- [HOW TO COMPLETE THIS TASK] Return only the lines below starting at the line containing "培訓(xùn)中增技能 變局中開新局 林德漆第二期藝術(shù)涂料培訓(xùn)圓滿結(jié)束" and ending at the line containing "Desi girl video call sex karti hui", both included, exactly as they are and with no pictures.

- [RECORDED DATA]
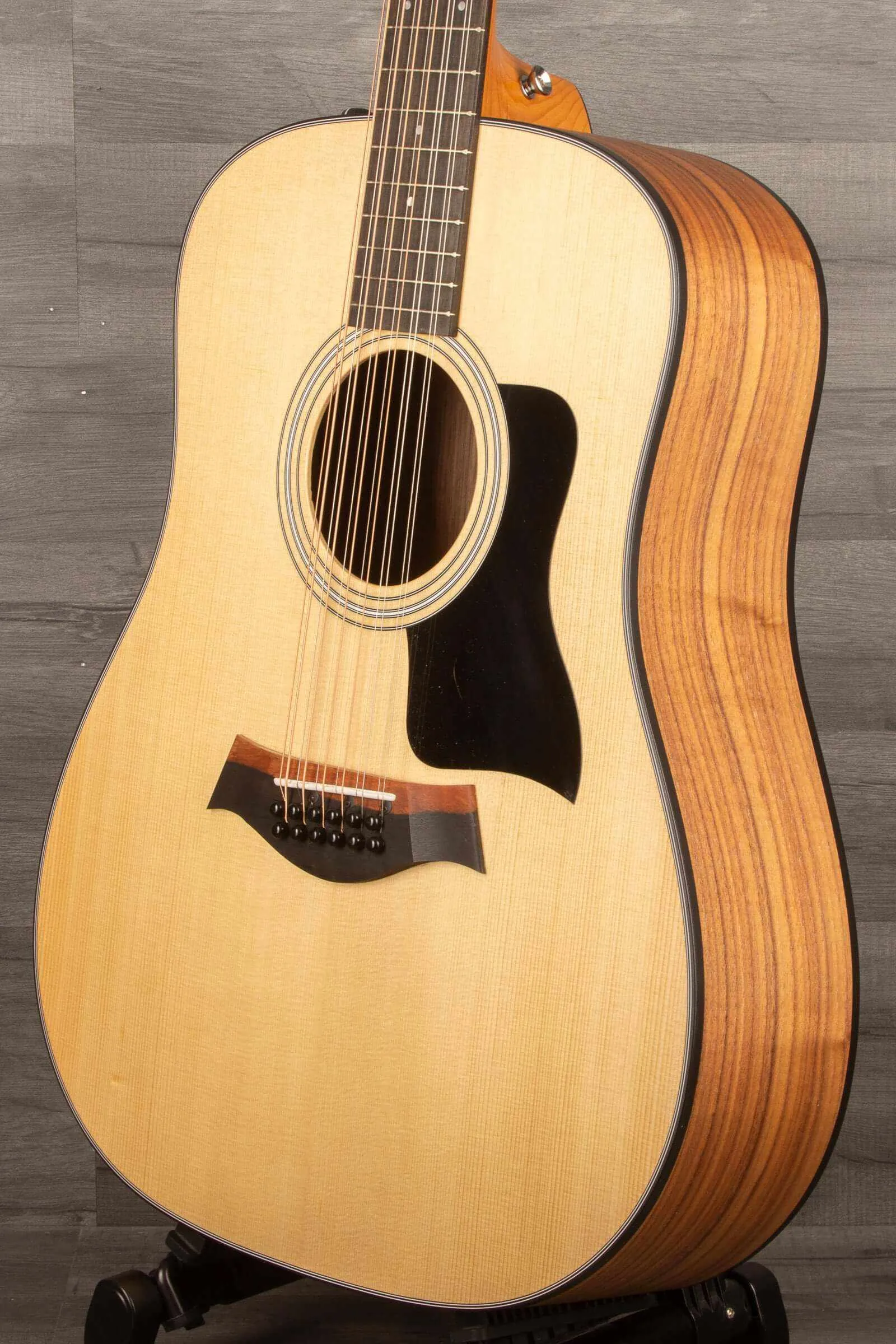 USED - Taylor 150e 12 string electro acoustic guitar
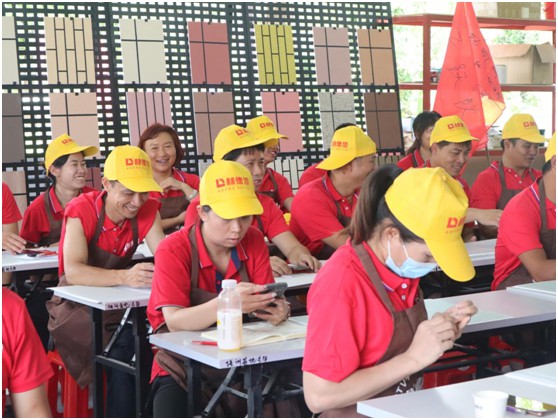 培訓(xùn)中增技能 變局中開新局 林德漆第二期藝術(shù)涂料培訓(xùn)圓滿結(jié)束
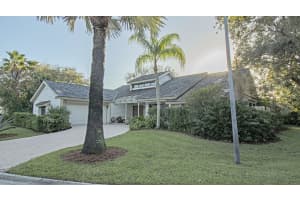 10611 SE Jupiter Narrows Dr, Hobe Sound, FL 33455, Sold 12/21/20
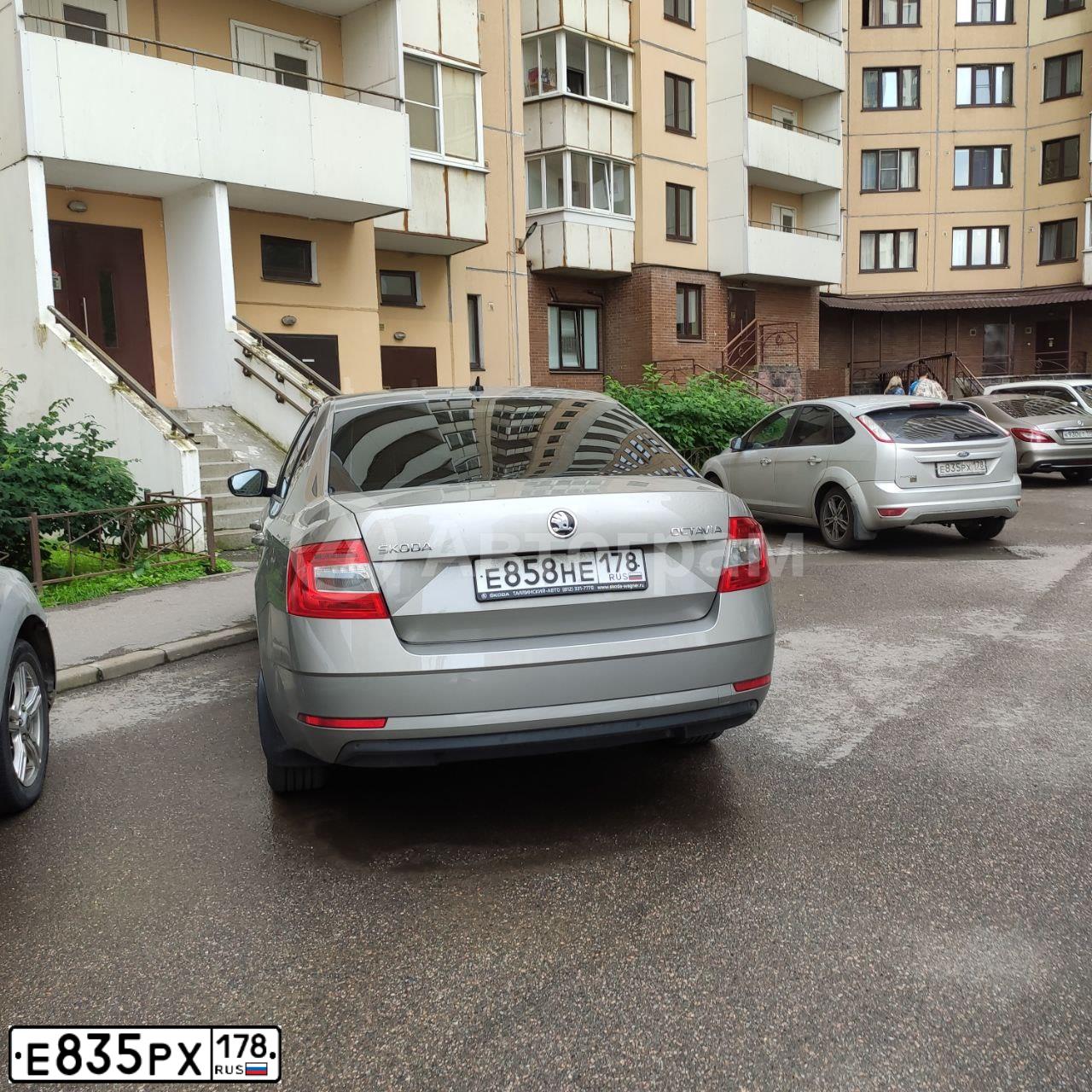 Фото автомобиля LIFAN SOLANO, 2011 — госномер Е835РУ178. Цвет: ТЕМНО-ВИШНЕВЫЙ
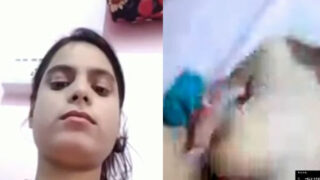 Desi girl video call sex karti hui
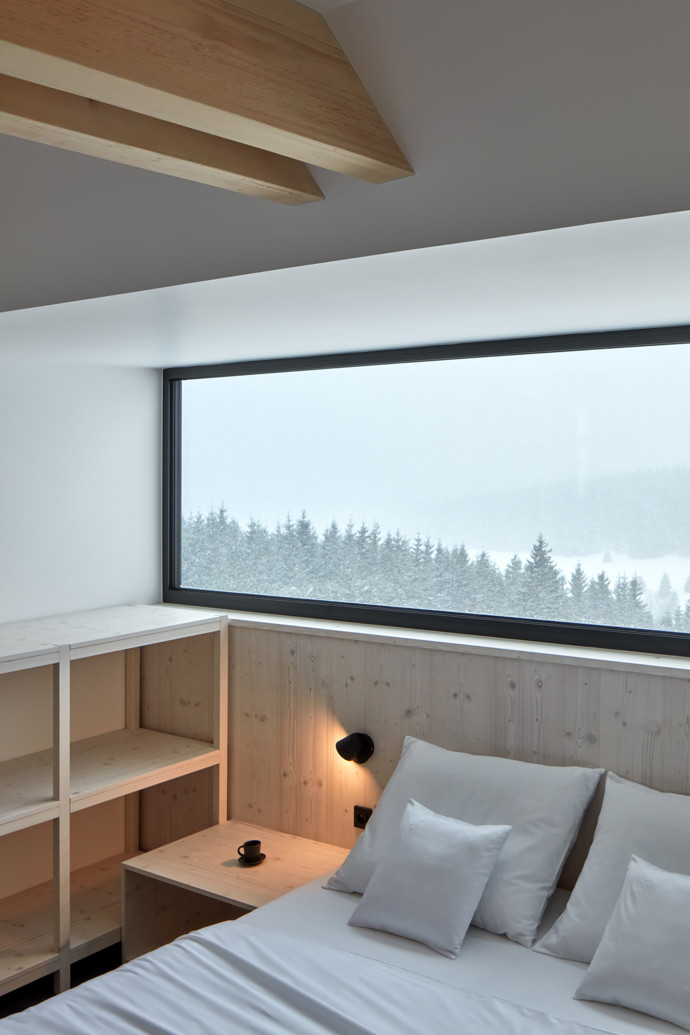 Milada je novostavba chalupy na louce v horském prostředí kolem obce Malá Úpa v Krkonoších s výhledem na Sněžku. Minimalistický design, útulné interiéry a fasáda z černě natřených prken – tahle chalupa má vše, co potřebujete k dokonalé relaxaci. Navíc její umístění na stráni s výhledem do krajiny vás okamžitě přesvědčí, že jste našli jedinečné místo.
Milada je novostavba chalupy na louce v horském prostředí kolem obce Malá Úpa v Krkonoších s výhledem na Sněžku. Minimalistický design, útulné interiéry a fasáda z černě natřených prken – tahle chalupa má vše, co potřebujete k dokonalé relaxaci. Navíc její umístění na stráni s výhledem do krajiny vás okamžitě přesvědčí, že jste našli jedinečné místo.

- [WRITTEN ANSWER]
 培訓(xùn)中增技能 變局中開新局 林德漆第二期藝術(shù)涂料培訓(xùn)圓滿結(jié)束
 10611 SE Jupiter Narrows Dr, Hobe Sound, FL 33455, Sold 12/21/20
 Фото автомобиля LIFAN SOLANO, 2011 — госномер Е835РУ178. Цвет: ТЕМНО-ВИШНЕВЫЙ
 Desi girl video call sex karti hui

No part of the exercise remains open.